(Given entries Opens)

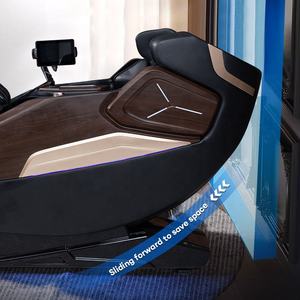 Meilleur fauteuil de <span class=keywords><strong>massage</strong></span> électrique de luxe, corps entier, zéro gravité, <span class=keywords><strong>massage</strong></span> <span class=keywords><strong>Ghe</strong></span>, robot 4D, <span class=keywords><strong>massage</strong></span> complet du corps, fauteuil de <span class=keywords><strong>massage</strong></span> des pieds - Product Image 6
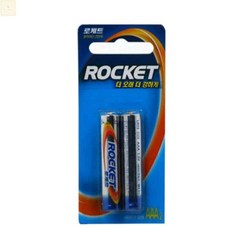리모컨건전지 알카라인 AAA건전지 40P 박스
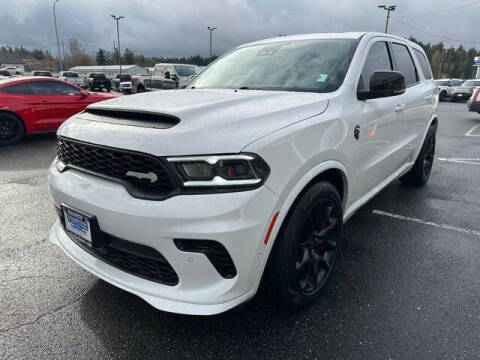 2023 Dodge Durango SRT Hellcat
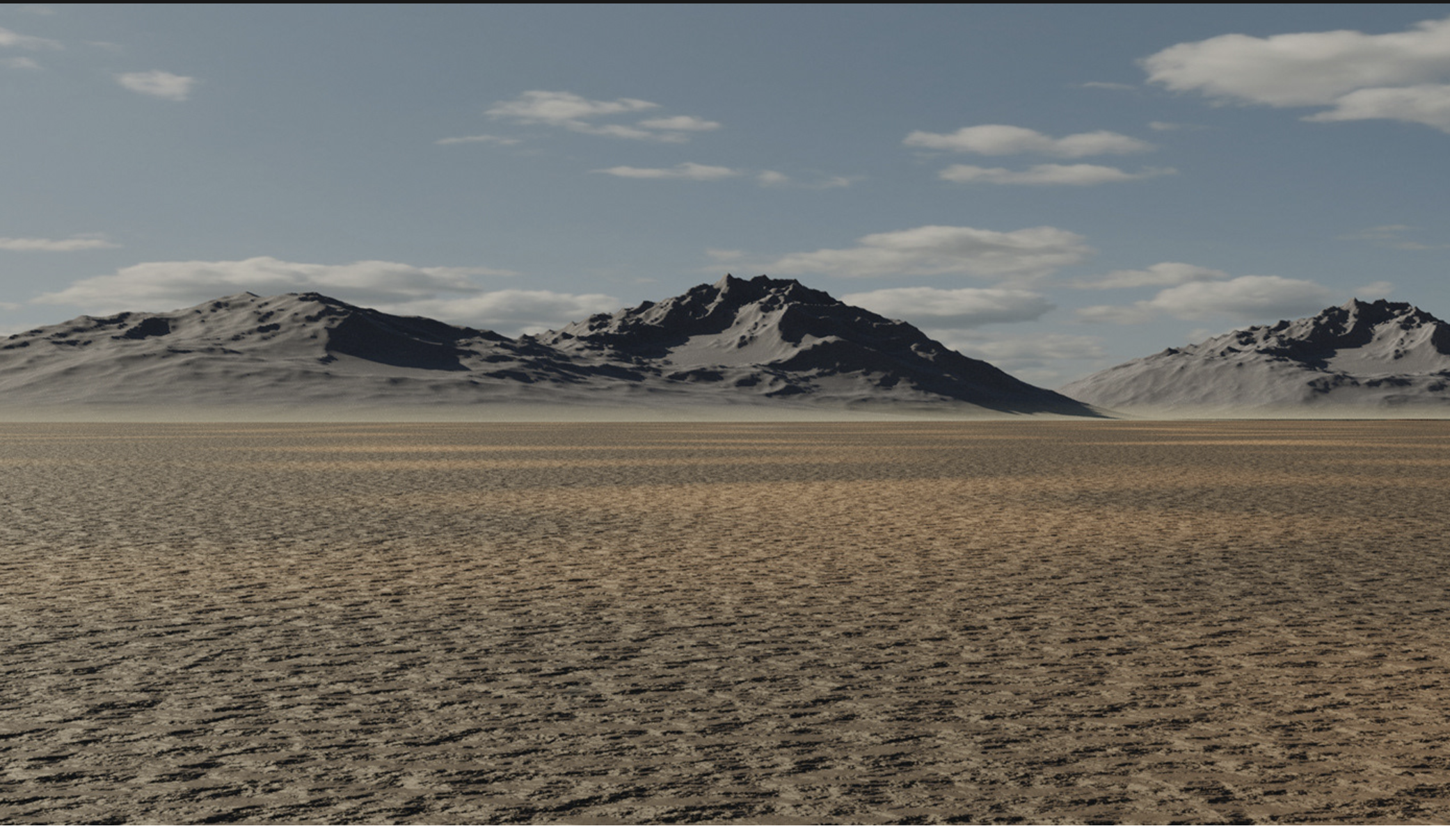 Sand CGI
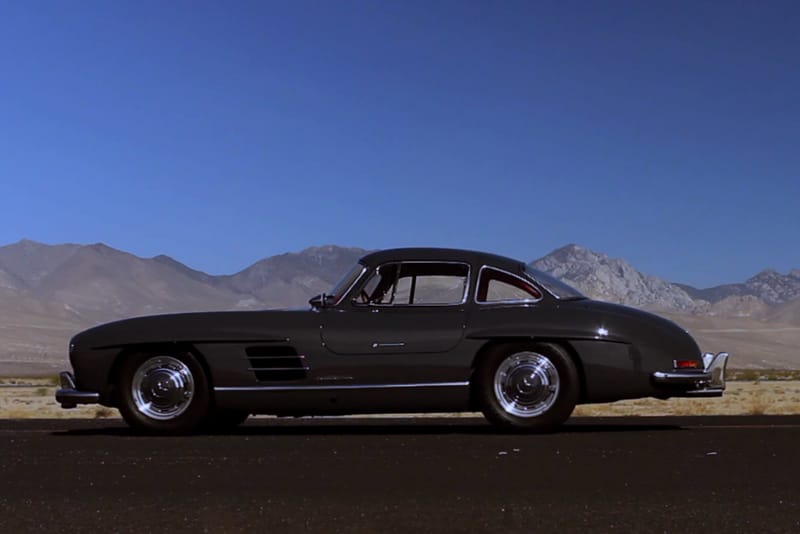 Depth of Speed: Poetry in Motion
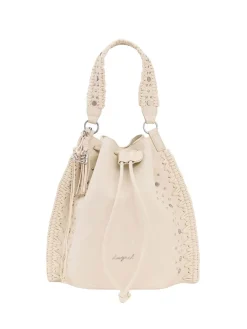 ZAINO DONNA - DESIGUAL BIANCO - 26SAKP33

(Given entries Closes)

Work to complete | Would you please transcribe the listing in full, exactly, while omitting the images?

The answer |
 Meilleur fauteuil de <span class=keywords><strong>massage</strong></span> électrique de luxe, corps entier, zéro gravité, <span class=keywords><strong>massage</strong></span> <span class=keywords><strong>Ghe</strong></span>, robot 4D, <span class=keywords><strong>massage</strong></span> complet du corps, fauteuil de <span class=keywords><strong>massage</strong></span> des pieds - Product Image 6
리모컨건전지 알카라인 AAA건전지 40P 박스
 2023 Dodge Durango SRT Hellcat
 Sand CGI
 Depth of Speed: Poetry in Motion
 ZAINO DONNA - DESIGUAL BIANCO - 26SAKP33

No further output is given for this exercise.